Ihr Vater, der aus Mailand stammte, war eng mit Camillo Kardinal Caccia Dominioni (1877 – 1946) befreundet, der seit 12. Januar 1939 Protektor des Camposanto Teutonico war. Dieser bot an, die Beiden zum Collegio Teutonico zu bringen. Versteckt im Fußraum der von einem Chauffeur gesteuerten Limousine des Kardinals, die ein Vatikan-Kennzeichen trug, erreichte man ohne angehalten zu werden den Vatikanstaat. Majnoni hörte das Gespräch des Fahrers mit dem italienischen Posten am Petersplatz und die Meldung des Schweizergardisten am Arco delle Campane an den im Fonds sitzenden Kardinal.

Außerdem hatte er, der zugedeckt vor dem Beifahrersitz kauerte, auf der Fahrt Gelegenheit, die Samtpantoffel und roten Seidenstrümpfe des Kardinals zu bewundern. Im Camposanto kamen die Majnoni im Oratorium unter, wo sie und andere in diesen Tagen eintreffende „renitenti alla leva“ (Kriegsdienstverweigerer) durch ihr ausgelassenes, lautstarkes Auftreten nicht nur Freunde fanden.

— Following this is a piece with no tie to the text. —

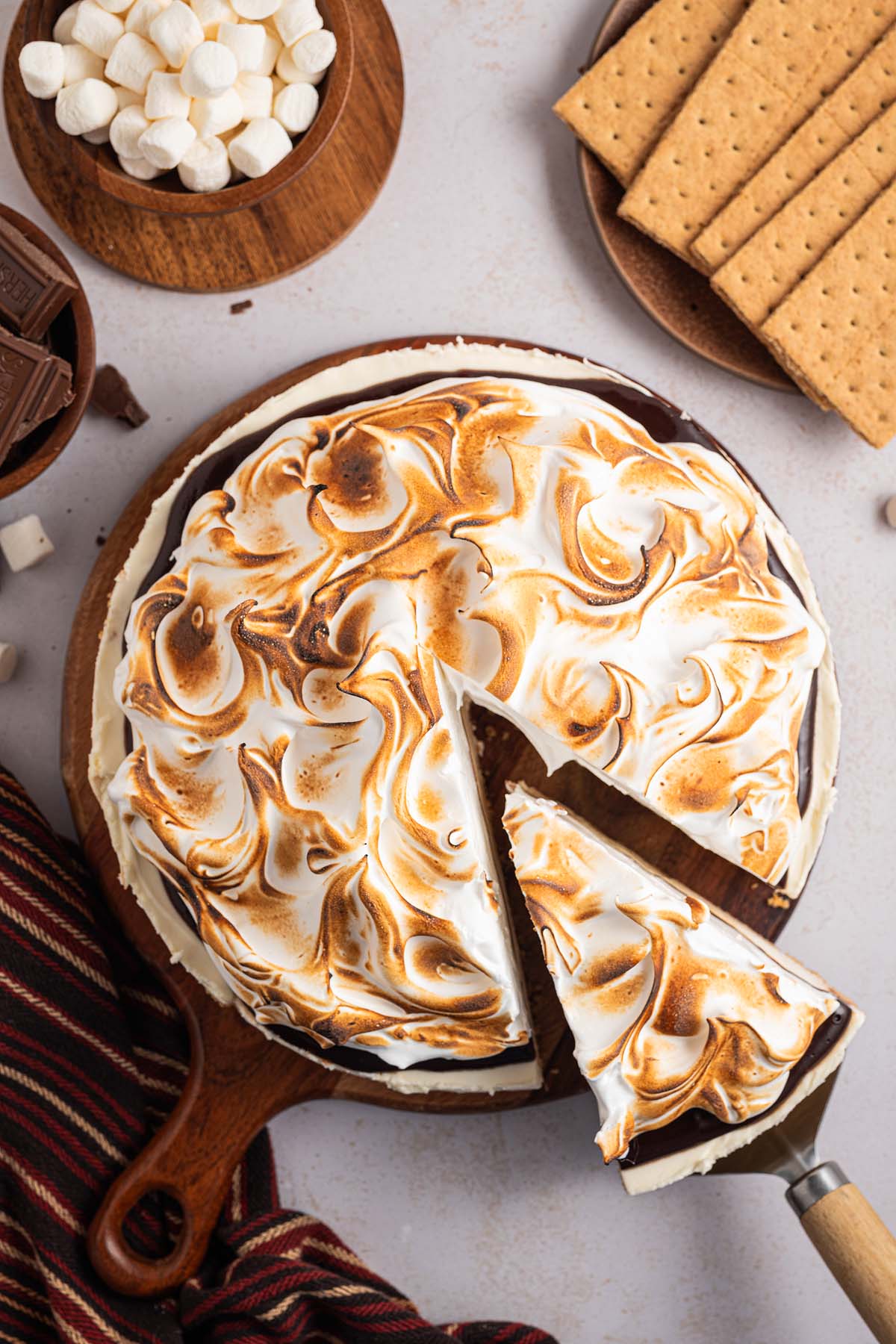 A toasted s'mores pie with a slice being served, surrounded by marshmallows, chocolate, and graham crackers—a tempting scene reminiscent of a No Bake S'mores Cheesecake.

Kurz nach Majnonis Flucht wurde der Palazzo Colonna tatsächlich durchsucht und seine Eltern verhaftet. Mit der Besetzung Roms durch amerikanische Truppen fand am 4. Juni 1944 auch für Majnoni die Zeit der Ungewißheit ein Ende. Er schloß sich sogleich dem „Corpo Italiano di Liberazione“ an, mit dem er die deutsche Besatzung bis zur Gotenlinie und (im April 1945) bis Bologna verfolgte.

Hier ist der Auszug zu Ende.